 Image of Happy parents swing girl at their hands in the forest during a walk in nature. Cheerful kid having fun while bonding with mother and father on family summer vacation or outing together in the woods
---
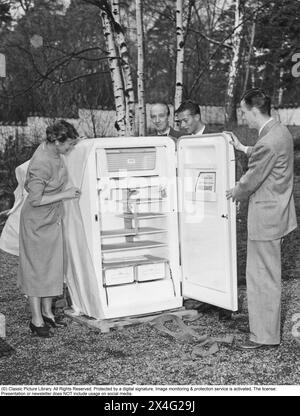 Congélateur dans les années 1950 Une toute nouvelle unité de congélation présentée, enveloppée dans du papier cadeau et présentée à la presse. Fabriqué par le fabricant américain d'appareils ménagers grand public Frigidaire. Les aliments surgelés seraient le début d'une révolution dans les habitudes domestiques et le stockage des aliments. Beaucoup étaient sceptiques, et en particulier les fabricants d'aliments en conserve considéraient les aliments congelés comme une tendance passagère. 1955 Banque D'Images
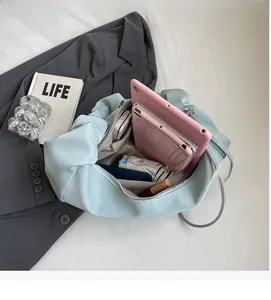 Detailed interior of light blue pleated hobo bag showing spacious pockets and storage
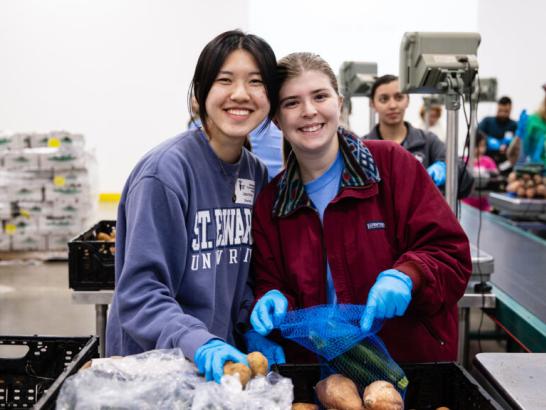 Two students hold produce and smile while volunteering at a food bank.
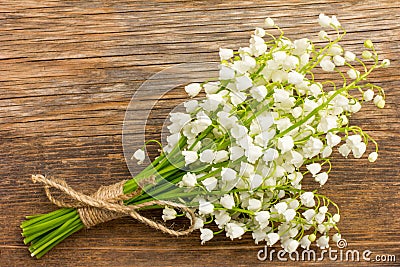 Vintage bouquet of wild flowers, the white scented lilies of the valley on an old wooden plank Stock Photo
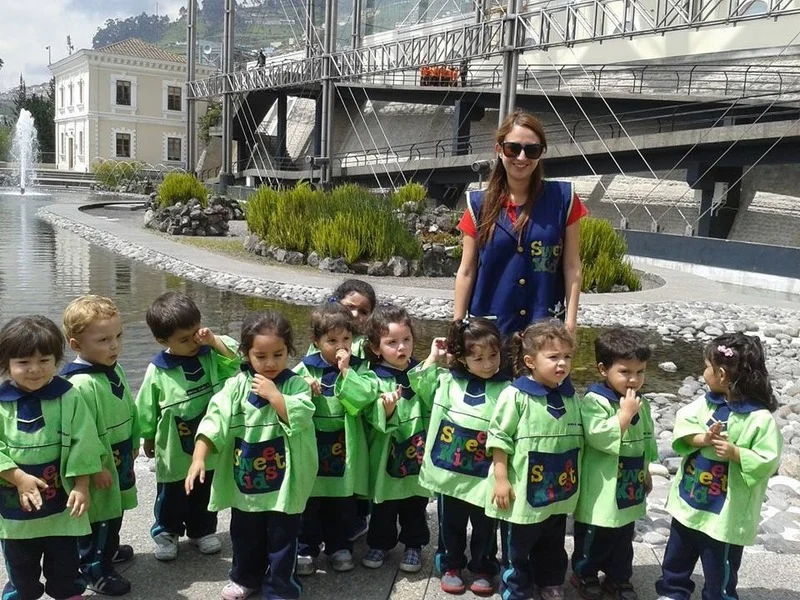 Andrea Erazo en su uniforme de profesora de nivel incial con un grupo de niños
---
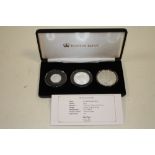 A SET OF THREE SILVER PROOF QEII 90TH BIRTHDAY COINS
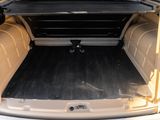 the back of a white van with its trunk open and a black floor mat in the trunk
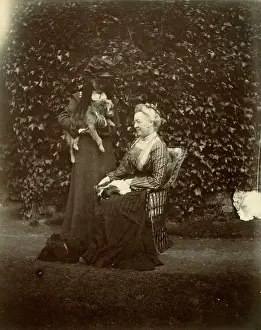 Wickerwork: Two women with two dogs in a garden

▶ _WHAT IS EXPECTED_: Reproduce exactly the lines of the data above that run from the line with "the back of" down to the line with "Wickerwork: Two women", both ends included. Pictures do not belong in the copy.

▶ _ANSWER BELOW_:
 the back of a white van with its trunk open and a black floor mat in the trunk
 Wickerwork: Two women with two dogs in a garden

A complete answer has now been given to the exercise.